Fr. Haran spent 58 years as a priest. having been ordained in 1956. His first appointment was as curate in Roscommon and Sooey. He spent most of his priestly life as a teacher, first teaching English at Summerhill College in Sligo (where he was known as "Cyrilly" or "Dosser"), as well as training the school's soccer and Gaelic football teams. He also taught at St Muredach's College in Ballina, County Mayo, and spent time teaching at the University of San Diego in 1968.

In 1988, he was posted to Grange as CC and became parish priest of Ahamlish and Inishmurray in 1997. His retirement came in 2003. He received a celebration Mass and presentation.
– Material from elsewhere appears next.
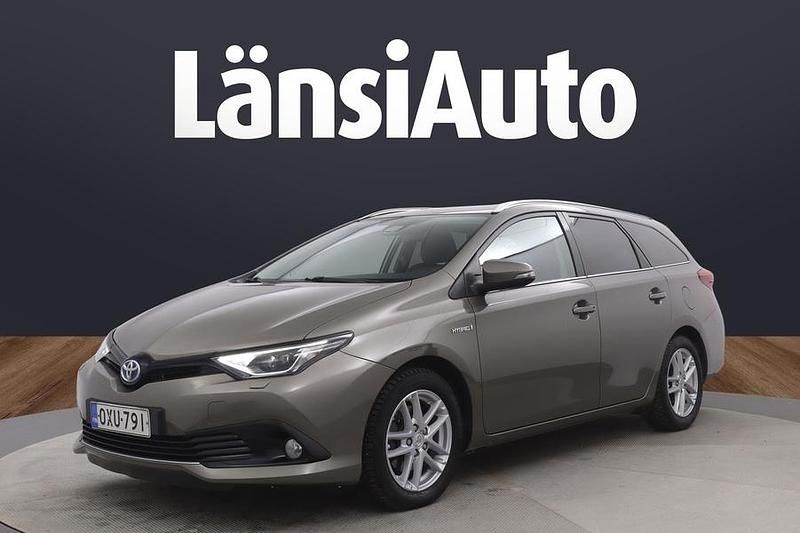 Käytetty 2019 Toyota Auris Touring Sports Active Farmari | 13 850 € (Hyvä tarjous) - Kuva 1/1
He spent it at Streedagh until he died from a short illness at the North West Hospice in June 2014 at the age of 83. His funeral was held at Church of Mary Immaculate, Grange, and he was buried afterwards in Sligo Cemetery.

He managed St Mary's to their first Sligo Senior Football Championship title; in 1977, they were the first Sligo club to win a Connacht Senior Club Football Championship title. In 1978, he managed St Mary's to a Sligo Football Championship semi-final against Grange, won by Grange in a replay.

He managed the Sligo county team between 1983 and 1985. Other teams he managed were Roscommon Gaels and St Michael's. He was noted for telling his teams: "Lads, winning isn't everything", then to pause and follow through with "It's the only thing". His enjoyments included literature and fishing.